Brief descriptive captions
☆ ☆ ☆ ☆ ☆

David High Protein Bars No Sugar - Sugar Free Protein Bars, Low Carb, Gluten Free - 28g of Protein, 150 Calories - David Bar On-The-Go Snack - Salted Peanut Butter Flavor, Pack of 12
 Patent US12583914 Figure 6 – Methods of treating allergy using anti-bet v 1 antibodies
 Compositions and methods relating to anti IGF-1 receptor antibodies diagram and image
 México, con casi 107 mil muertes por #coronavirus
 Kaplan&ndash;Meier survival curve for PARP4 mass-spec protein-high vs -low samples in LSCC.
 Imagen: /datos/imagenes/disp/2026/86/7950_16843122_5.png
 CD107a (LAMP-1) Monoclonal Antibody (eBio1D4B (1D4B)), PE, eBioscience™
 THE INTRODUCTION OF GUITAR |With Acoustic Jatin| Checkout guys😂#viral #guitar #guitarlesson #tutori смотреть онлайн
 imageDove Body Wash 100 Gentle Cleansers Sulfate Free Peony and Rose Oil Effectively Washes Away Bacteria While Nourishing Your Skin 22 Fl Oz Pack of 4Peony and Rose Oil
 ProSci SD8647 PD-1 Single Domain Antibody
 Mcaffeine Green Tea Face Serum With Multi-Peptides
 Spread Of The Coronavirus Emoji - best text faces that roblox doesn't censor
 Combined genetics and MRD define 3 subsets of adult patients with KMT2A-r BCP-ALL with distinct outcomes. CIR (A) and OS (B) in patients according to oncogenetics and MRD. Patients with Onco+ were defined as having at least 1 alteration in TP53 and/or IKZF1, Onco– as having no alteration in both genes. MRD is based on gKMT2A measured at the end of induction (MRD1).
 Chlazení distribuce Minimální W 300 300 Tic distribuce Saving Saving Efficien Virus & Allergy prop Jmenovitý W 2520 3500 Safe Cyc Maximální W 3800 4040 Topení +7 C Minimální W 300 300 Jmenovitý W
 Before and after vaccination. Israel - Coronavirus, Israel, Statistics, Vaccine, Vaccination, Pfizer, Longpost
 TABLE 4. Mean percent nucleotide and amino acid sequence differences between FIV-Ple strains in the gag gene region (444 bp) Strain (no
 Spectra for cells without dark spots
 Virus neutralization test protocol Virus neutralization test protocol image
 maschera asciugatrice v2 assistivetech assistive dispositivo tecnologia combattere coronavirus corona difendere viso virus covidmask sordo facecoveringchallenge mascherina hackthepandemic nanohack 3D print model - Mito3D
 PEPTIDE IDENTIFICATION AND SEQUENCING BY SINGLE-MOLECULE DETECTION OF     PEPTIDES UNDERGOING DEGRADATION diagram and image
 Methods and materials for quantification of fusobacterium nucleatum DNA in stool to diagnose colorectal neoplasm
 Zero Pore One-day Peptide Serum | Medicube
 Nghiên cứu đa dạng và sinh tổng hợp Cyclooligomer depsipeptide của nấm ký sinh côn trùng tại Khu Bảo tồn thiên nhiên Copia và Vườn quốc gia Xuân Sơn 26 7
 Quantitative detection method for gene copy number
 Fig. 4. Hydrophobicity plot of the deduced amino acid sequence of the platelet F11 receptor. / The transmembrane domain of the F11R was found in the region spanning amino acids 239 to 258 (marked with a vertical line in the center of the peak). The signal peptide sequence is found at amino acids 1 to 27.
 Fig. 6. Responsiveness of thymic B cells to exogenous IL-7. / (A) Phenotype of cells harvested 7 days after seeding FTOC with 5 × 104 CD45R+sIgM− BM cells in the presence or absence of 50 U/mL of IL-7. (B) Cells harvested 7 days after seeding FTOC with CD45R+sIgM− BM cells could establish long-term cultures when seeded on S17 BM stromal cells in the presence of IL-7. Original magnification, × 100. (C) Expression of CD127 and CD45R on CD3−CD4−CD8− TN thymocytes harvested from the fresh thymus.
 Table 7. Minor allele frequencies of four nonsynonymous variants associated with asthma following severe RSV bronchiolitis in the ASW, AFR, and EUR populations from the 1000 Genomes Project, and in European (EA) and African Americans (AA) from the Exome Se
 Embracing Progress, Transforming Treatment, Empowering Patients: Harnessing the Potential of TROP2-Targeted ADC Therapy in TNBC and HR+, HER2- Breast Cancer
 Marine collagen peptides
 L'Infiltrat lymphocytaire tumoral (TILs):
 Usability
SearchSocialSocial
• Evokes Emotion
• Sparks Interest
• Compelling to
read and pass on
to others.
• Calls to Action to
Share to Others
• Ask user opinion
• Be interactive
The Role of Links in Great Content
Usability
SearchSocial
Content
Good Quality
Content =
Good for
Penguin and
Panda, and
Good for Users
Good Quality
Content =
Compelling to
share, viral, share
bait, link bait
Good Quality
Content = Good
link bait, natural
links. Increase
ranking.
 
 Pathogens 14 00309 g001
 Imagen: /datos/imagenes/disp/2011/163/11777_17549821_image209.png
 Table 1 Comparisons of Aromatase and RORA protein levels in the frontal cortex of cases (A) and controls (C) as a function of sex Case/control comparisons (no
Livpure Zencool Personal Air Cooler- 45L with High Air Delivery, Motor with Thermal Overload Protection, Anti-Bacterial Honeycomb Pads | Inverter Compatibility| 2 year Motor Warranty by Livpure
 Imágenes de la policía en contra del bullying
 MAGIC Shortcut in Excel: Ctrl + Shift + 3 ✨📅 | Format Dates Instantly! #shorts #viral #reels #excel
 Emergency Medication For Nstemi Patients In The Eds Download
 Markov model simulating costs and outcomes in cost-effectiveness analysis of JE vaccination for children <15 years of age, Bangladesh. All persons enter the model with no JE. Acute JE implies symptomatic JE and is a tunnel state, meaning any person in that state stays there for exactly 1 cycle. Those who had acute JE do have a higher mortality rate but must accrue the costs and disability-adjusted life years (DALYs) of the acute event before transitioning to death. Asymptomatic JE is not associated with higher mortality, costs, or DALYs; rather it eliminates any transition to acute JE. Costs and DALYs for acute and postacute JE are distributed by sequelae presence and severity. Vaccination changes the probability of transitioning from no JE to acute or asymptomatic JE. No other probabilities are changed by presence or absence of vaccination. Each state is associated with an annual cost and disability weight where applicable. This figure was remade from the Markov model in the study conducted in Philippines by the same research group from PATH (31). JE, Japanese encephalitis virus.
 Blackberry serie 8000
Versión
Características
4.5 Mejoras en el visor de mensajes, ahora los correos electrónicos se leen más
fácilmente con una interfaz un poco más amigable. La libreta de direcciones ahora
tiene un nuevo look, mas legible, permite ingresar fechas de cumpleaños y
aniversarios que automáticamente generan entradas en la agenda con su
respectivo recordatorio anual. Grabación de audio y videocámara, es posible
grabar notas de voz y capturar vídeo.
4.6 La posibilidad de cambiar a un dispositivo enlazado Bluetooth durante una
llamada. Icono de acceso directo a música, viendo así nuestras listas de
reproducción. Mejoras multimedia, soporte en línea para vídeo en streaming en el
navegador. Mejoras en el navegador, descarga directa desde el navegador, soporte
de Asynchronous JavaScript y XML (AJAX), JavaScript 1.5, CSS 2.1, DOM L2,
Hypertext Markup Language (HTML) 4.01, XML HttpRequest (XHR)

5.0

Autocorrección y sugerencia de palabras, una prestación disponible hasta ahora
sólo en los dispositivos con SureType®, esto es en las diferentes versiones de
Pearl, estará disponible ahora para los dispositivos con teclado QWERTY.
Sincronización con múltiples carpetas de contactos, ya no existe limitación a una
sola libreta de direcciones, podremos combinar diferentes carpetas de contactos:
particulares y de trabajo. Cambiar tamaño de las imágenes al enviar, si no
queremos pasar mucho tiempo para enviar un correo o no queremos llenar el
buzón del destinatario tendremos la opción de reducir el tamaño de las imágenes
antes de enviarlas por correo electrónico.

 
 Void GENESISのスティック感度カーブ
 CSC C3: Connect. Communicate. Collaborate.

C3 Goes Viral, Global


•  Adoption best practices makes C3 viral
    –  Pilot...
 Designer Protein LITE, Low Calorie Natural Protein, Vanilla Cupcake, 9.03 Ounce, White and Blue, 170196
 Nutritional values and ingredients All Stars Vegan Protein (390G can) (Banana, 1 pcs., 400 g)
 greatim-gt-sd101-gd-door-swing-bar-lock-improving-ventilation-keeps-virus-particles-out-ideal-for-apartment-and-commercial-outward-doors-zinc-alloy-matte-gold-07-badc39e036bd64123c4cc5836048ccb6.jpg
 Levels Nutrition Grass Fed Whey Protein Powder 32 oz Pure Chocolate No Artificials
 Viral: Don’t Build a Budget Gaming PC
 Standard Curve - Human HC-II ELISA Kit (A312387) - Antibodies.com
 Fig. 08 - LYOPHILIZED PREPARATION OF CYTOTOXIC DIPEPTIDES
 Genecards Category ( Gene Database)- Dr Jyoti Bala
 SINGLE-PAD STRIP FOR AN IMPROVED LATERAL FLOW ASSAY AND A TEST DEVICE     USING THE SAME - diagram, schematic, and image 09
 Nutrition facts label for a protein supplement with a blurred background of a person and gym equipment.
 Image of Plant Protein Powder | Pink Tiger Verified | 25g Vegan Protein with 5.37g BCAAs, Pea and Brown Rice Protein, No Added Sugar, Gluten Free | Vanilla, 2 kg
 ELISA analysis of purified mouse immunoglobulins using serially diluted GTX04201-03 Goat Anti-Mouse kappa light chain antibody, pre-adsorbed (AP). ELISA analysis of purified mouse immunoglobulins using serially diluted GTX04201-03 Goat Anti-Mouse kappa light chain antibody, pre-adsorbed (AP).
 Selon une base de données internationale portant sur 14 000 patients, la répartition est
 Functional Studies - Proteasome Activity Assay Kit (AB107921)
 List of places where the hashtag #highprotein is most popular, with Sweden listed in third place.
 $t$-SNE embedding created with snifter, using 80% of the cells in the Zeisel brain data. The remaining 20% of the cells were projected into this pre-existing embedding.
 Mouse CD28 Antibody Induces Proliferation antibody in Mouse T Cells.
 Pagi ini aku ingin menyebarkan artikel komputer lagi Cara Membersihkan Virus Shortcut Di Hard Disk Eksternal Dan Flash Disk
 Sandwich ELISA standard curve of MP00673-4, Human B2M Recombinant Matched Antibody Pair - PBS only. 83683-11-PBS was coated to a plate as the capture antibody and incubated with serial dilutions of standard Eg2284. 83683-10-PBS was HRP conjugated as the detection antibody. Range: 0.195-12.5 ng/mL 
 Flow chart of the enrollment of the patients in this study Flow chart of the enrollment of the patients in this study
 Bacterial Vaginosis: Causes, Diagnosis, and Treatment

☆ ☆ ☆ ☆ ☆

* [Exercise directions]: Using the entries above, quote each line verbatim from the first through the line that contains "Combined genetics and".

* [Result]:
David High Protein Bars No Sugar - Sugar Free Protein Bars, Low Carb, Gluten Free - 28g of Protein, 150 Calories - David Bar On-The-Go Snack - Salted Peanut Butter Flavor, Pack of 12
 Patent US12583914 Figure 6 – Methods of treating allergy using anti-bet v 1 antibodies
 Compositions and methods relating to anti IGF-1 receptor antibodies diagram and image
 México, con casi 107 mil muertes por #coronavirus
 Kaplan&ndash;Meier survival curve for PARP4 mass-spec protein-high vs -low samples in LSCC.
 Imagen: /datos/imagenes/disp/2026/86/7950_16843122_5.png
 CD107a (LAMP-1) Monoclonal Antibody (eBio1D4B (1D4B)), PE, eBioscience™
 THE INTRODUCTION OF GUITAR |With Acoustic Jatin| Checkout guys😂#viral #guitar #guitarlesson #tutori смотреть онлайн
 imageDove Body Wash 100 Gentle Cleansers Sulfate Free Peony and Rose Oil Effectively Washes Away Bacteria While Nourishing Your Skin 22 Fl Oz Pack of 4Peony and Rose Oil
 ProSci SD8647 PD-1 Single Domain Antibody
 Mcaffeine Green Tea Face Serum With Multi-Peptides
 Spread Of The Coronavirus Emoji - best text faces that roblox doesn't censor
 Combined genetics and MRD define 3 subsets of adult patients with KMT2A-r BCP-ALL with distinct outcomes. CIR (A) and OS (B) in patients according to oncogenetics and MRD. Patients with Onco+ were defined as having at least 1 alteration in TP53 and/or IKZF1, Onco– as having no alteration in both genes. MRD is based on gKMT2A measured at the end of induction (MRD1).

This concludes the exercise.